Memories my mind could process.
Memories my heart couldn't.
Memories that stripped me down.
memories I thought i had forgotten about or supressed.
memories I couldn't fight. I crumbled a bit.
I had to be still or I would've crumbled completely.

I saw places that made me feel a child.
places that made me feel like a teenager.
places that made me feel cheated, insecure, vunerable, triumphant, reflective.
I was flooded.
I had to be still to feel them.

the places I saw... the places i felt ... showed me how far I've come. How hard I've worked. what i've endured. what was taken. what was given.
I would have never imagined where Im at now would've have been apart of God's plan for me 15 years ago. 20 years ago. ever.
God is working. I have to be still to feel God's presence in my life.

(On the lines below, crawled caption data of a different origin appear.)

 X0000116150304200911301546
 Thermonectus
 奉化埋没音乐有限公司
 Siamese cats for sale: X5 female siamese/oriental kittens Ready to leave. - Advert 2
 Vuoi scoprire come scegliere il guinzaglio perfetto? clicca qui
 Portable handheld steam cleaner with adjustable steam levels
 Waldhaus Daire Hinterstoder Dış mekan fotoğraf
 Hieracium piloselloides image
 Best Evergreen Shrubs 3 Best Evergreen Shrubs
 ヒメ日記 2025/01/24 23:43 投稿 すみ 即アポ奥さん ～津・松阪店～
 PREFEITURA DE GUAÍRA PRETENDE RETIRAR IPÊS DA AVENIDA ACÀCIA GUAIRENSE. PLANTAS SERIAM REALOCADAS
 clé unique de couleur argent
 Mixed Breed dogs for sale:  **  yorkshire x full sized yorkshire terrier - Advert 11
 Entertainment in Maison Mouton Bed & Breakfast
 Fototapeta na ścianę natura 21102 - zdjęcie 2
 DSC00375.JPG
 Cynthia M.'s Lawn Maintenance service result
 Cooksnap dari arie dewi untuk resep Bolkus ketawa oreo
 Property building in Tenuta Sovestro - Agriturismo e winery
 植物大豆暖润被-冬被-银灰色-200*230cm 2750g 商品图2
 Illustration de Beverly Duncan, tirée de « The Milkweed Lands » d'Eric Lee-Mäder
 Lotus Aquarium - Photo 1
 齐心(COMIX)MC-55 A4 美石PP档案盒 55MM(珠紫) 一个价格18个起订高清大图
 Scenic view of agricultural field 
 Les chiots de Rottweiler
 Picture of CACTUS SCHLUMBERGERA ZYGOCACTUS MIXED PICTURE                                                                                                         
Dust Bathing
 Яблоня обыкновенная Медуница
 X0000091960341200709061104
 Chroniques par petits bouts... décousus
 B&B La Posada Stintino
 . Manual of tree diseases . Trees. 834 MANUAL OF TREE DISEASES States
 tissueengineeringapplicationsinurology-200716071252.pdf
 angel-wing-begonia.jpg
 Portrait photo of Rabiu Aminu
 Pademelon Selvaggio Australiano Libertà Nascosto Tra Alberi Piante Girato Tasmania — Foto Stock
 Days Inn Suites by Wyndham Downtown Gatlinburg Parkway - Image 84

the lump in my throat was in charge. some things can't be fought back no matter how hard you work to fight them.
in a way i welcomed the feelings that came with the memories i'd worked so hard to fight away.
the air felt so thick. my heart felt so heavy. my heart might explode. it might explode right out of my chest.
all I can do is be still.

so wrapped up in what once was that I cant tell if there are more happy memories than the ones that make me feel pain. they all blur together. it reminds me of whats missing. what was missing for so long. what could have been. i almost feel a tinge of anger but then another memory comes hurling at me before i have a chance to catch my breath.
I am driving, sitting, standing, crying, smiling, laughing ... aware of all my senses but so much more aware of my heart. its louder than anything I can tune in to.
when is the lump in my throat going to go away? will it ever? I am almost content with the lump staying there. it reminds me. reminds me of what i have to be thankful for.
it reminds me to be still.

and then I hear....
i thought if i could touch this place or feel it this brokedness inside me might start healing. out here its like im someone else. i thought maybe i could find myself. if i could walk around i swear i'll leave. the memories that built me.

all this. all this and i feel so many things I can't describe or label.
all this and at the same time i feel so weak but so strong.
these places call my name like they've known me all my life. i know them. but somethings have changed. I don't feel the need to have to get back to the person I was. and that makes me feel good.
the past helps me look towards the future. how so many pages are still unwritten. all this shows me God's divine planning is all powerful and all purposefull.
he wants me to be still.

one trip, one town, down a couple streets,visit a few places, makes me feel all over the map. and then at second glance makes me realize how NOT all over the map I am anymore. the bigger picture makes me feel grounded now compared to then. everything has made me. how thankful. how aware. how still.

my places to be still.

I am sure everytime I drive in that neighborhood, everytime I pass those streets, everytime I see those places I will always go back. i feel i have started new chapters in my life but that door will never completely be closed. a door that has been wide open, half way open or just cracked open... but never completely shut. I believe God has designed it to be that way. those places combined with my life now makes something so great.. so real that its indescribably awesome times infinity.

& when Im still.... extremely still ...... everything makes perfect sense.